Did you know that 80% of CEOs do not trust the efforts of their marketing teams (HubSpot, 2021). It is why they look into marketing metrics. There are numerous types of marketing metrics. However, there are way too many to focus on all of them. So which ones are the most important? Read on to learn about the metrics employers care most about.


What are Marketing Metrics?

Marketing metrics are a series of formulas that are used to determine the strength of the marketing department and other related initiatives. Metrics are essential in deciding certain paths for marketing efforts. Is it worth keeping this much money in the marketing department? Will it be more beneficial to market to new customers or current ones? These metrics can help sway final decisions in the marketing department. Marketing metrics can include the following aspects:

  • Total Cost of Marketing
  • Salaries
  • Overhead
  • Revenue
  • Customer Acquisitions

Most employers are looking into the costs of their marketing efforts and comparing them directly to the outcome from these metrics. They ask the question of whether it is truly worth investing the time and money into these areas. It often includes labor costs and management costs (if internal), agency fees (if external), and platform advertising costs.

Marketing Metrics

Six Important Marketing Metrics

1. Customer Acquisition Cost (CAC)

Formula: Sales and Marketing Costs / New Customers = Customer Acquisition Cost

Customer acquisition cost is important because it shows how much the company is spending on average per customer. The company takes the amount spent on marketing over a certain period of time and divides it by the number of customers they acquired during this same time period. The lower the company's customer acquisition cost means the company is working at the most efficient level possible. 

Example:

Customer Acquisition Cost

2. Marketing Percentage of Customer Acquisitions Cost

Formula: Marketing Cost / Sales and Marketing Costs = Marketing Percentage of Customer Acquisitions Cost

The metric above is used to determine the total percentage of marketing cost compared to the percentage of customer acquisitions. The formula helps to break down the whole marketing team's performance and overall impact on the customer acquisition cost. It also helps to separate the marketing team from the sales team. The percentage can help point out which department is lagging behind.

Example:

Life-time Customer Value

3. Ratio of Customer Lifetime Value to CAC (LTV:CAC)

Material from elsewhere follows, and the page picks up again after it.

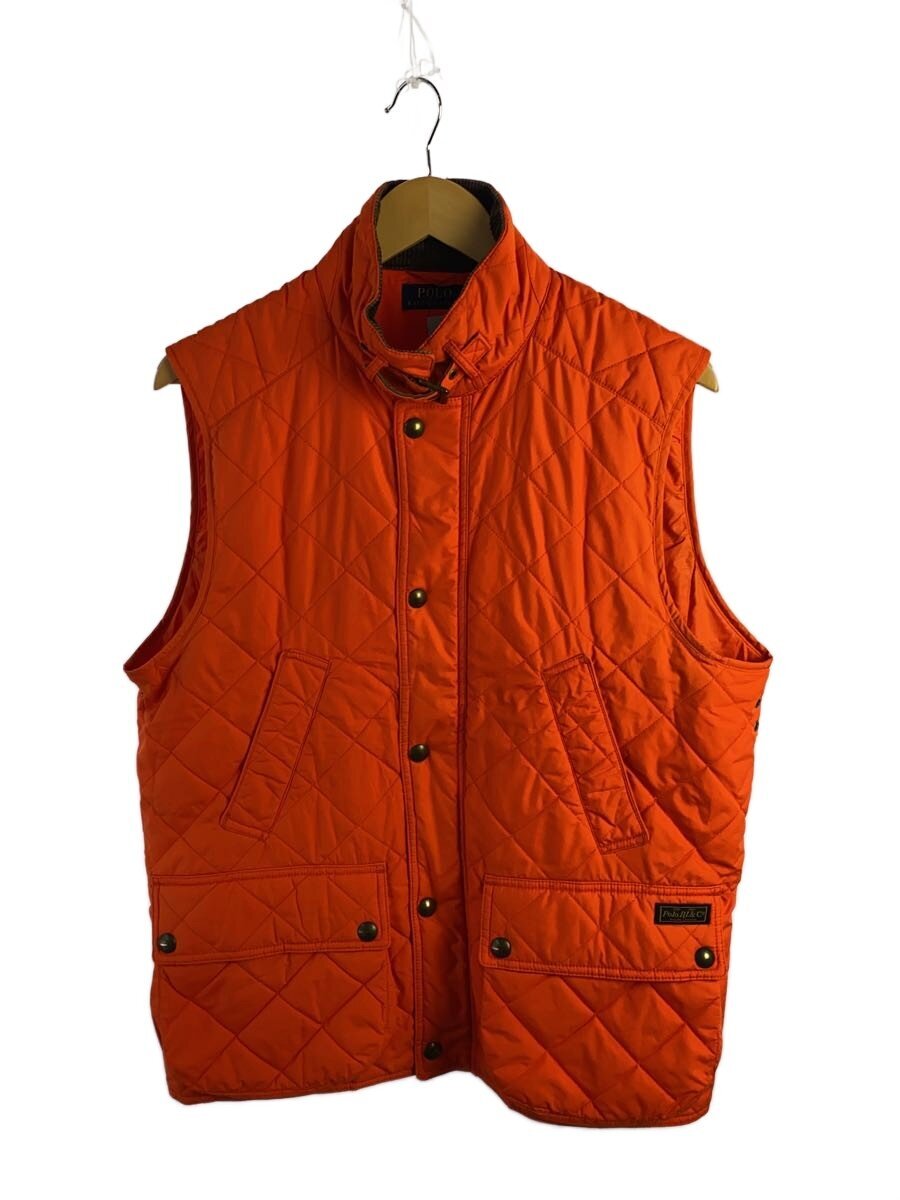 【中古】POLO RALPH LAUREN◆ベスト/M/ナイロン/オレンジ/7286661HHYY【メンズウェア】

Formula: (Lifetime Value {LTV} = [Revenue the customer pays in a period - gross margin]Estimated churn percentage for that customer):(Customer Acquisition Cost = Sales and Marketing Costs / New Customers) or (Lifetime value: Customer Acquisition Cost)

Ratio of customer lifetime value to customer acquisition cost is critical to looking into the differences between acquiring new customers and keeping any of the existing ones. The ratio compares the differences between the two, and helps to make a decision on whether it is best to keep the marketing strategy that is currently being used. The higher the ratio, the better the ROI. However, it shouldn’t be too high, because the company should still be investing a decent amount on new customers.

Example:

Ratio of Customer Lifetime Value to CAC (LTV:CAC)

4. Time to Payback CAC

Formula: (Customer Acquisition Cost = Sales and Marketing Costs / New Customers) / (Margin-Adjusted Revenue) = Time to Payback CAC

Time to payback customer acquisition cost is used to determine the amount of time that it takes to make back the money that is spent on acquiring new customers. The key is to get these customers to make back the amount spent within a year's time. The quicker the return on CAC, the quicker the company can truly begin making money off of those customers.

Example: 

Time to Payback CAC

5. Marketing Originated Customer Percentage

Formula: New customers started as a marketing lead / New customers in a month = Marketing Originated Customer %

Marketing originated customer percentage is used to separate the customers that come directly from the use of the company’s marketing strategy and the company’s marketing efforts. The higher the percentage means the marketing efforts are paying off. The difference in this percentage can be seen between a marketing strategy that is focused more on an outside sales team and an inside sales support when compared to a strategy with inside sales and lead focused marketing team.

Example:

Marketing Influenced Customer %

6. Marketing Influenced Customer Percentage

Formula: Total new customers that interacted with marketing / Total new customers = Marketing Influenced Customer %

Marketing influenced customer percentage takes into account all of the customers that have come into contact with any aspect of marketing, whether or not it influenced their purchase decision. The main objective of this metric is to look into the impact that the marketing may have had on a lead. It allows for a bigger picture view, allowing us to look further into the impact that the marketing campaign has on new customers and possible new leads.

Example:

Marketing Influenced Customer Percentage

Importance of Marketing Metrics

Though there are lots of different metrics for marketing out there, the six that we just discussed are considered the most important. They are used to measure the cost compared to the success of the marketing efforts. Whether it’s the cost compared to new customer acquisition or the ratio of lifetime of customers compared to new customer acquisitions, each metric helps the CEO see both how the company’s marketing efforts are working and if it is worth keeping the marketing department the way that it is.